For a while now I've been a pretty big convert on the look of dots for member selection. It's not just that it's more standard--I think it's visually better. It also lets you be reassured that when you see a slash in a path, that the thing to the left of that slash was a function:

foo.bar.baz
   ;
   ; ^-- I may not know what foo.bar.baz is, but at least I know that
   ; foo and foo.bar are *not* functions

foo.bar.baz/mumble
   ;
   ; ^-- Under the convention that slashes are for refinements only, I
   ; can tell the author intends that (foo.bar.baz) must be a function

foo.baz.bar/
   ;
   ; ^-- With Ren-C's path generality, you can even decorate a case
   ; without refinements to show it's a function.

It Hasn't Been A Rule, but...

So far Ren-C has been allowing you to use slashes wherever you historically could. So the new rules were only applying to dots--restricting them on not being usable on functions.

append.dup [a b c] [d] 2  ; this would cause an error, for instance

However, you could still pick members out of objects with slashes:

>> obj: make object! [field: 10]

>> obj/field   ; not obj.field
== 10

I had a feeling this might be prohibited eventually...though it would need to be possible to make Redbol emulation work. So there'd have to be some kind of flag for allowing it.

...But Now, I Might Have A Good Reason To Enforce It

The reason is that in trying to do a good job of building an extensibility mechanism for member selection, it is difficult to make that mechanism able to communicate information about specialized functions in a "light" way.

When pathing is done hardcoded in the evaluator, it can do little sneaky tricks to push the words of refinements onto a stack. It doesn't have to create an entirely new specialized function.

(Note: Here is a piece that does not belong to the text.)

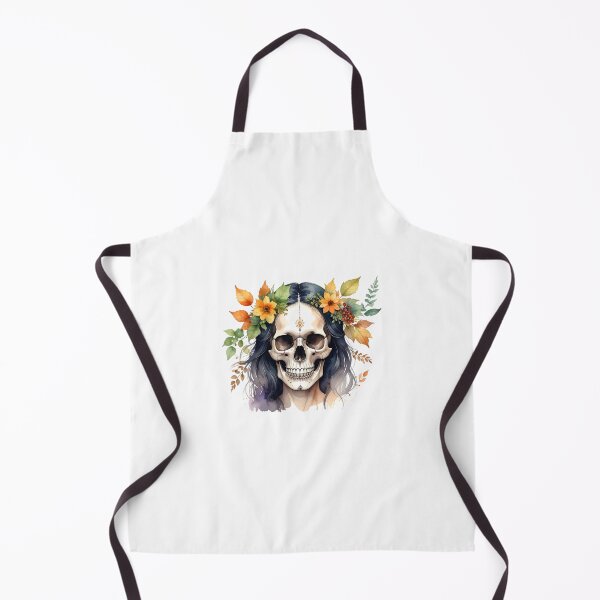 Item preview, SKULL WITH FLOWER CROWN designed and sold by cubiask.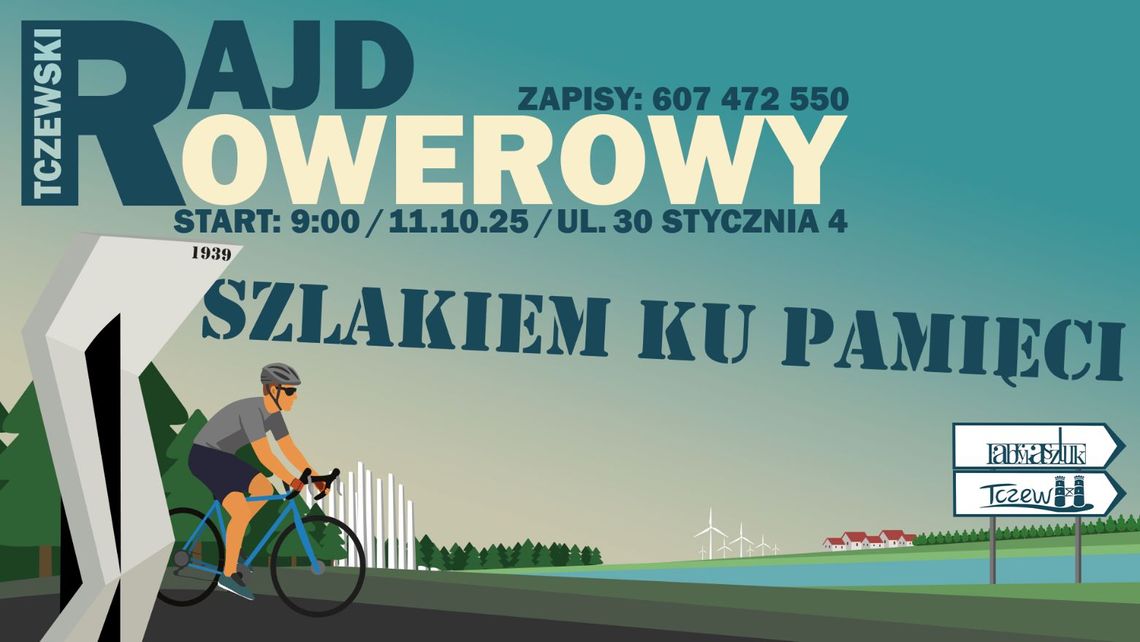 Rajd rowerowy "Szlakiem ku pamięci"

But once you're using a generic interface to usermode functions which can extend PICK* and POKE*, that interface has to speak in "reified" forms. We have partial specialization so these refied forms exist... I just feel like what's happening in that case isn't "picking" or "poking". And it's tying my hands to make anything efficient if we say that path dispatch runs through code which might be usermode.

The Flag Will Be Introduced Gradually

I've been experimenting with the flag turning itself on automatically, and giving you a warning. So you only hear about it the first time.

>> obj: make object! [x: 10]

>> obj/x
The PATH! obj/x doesn't evaluate to an ACTION! in the first slot.
SYSTEM.OPTIONS.REDBOL-PATHS is FALSE so this is not allowed by default.
For now, we'll enable it automatically...but it will slow down the system!
Please use TUPLE! instead, like obj.x
== 10

>> obj/x
== 10

What happens when you enable the flag is that it actually turns any PATH! with no ACTION! in the first slot into a TUPLE!, and then permits you to use refinements in TUPLE!s like append.dup. This is because I'm avoiding creating a separate extensibility mechanism for paths...it just does the not-easy-to-optimize extensibility.

I haven't committed this, and I'd be phasing it in slowly. But as it's phased in, the performance of paths for member selections vs. tuples will degrade. So it's worth knowing about.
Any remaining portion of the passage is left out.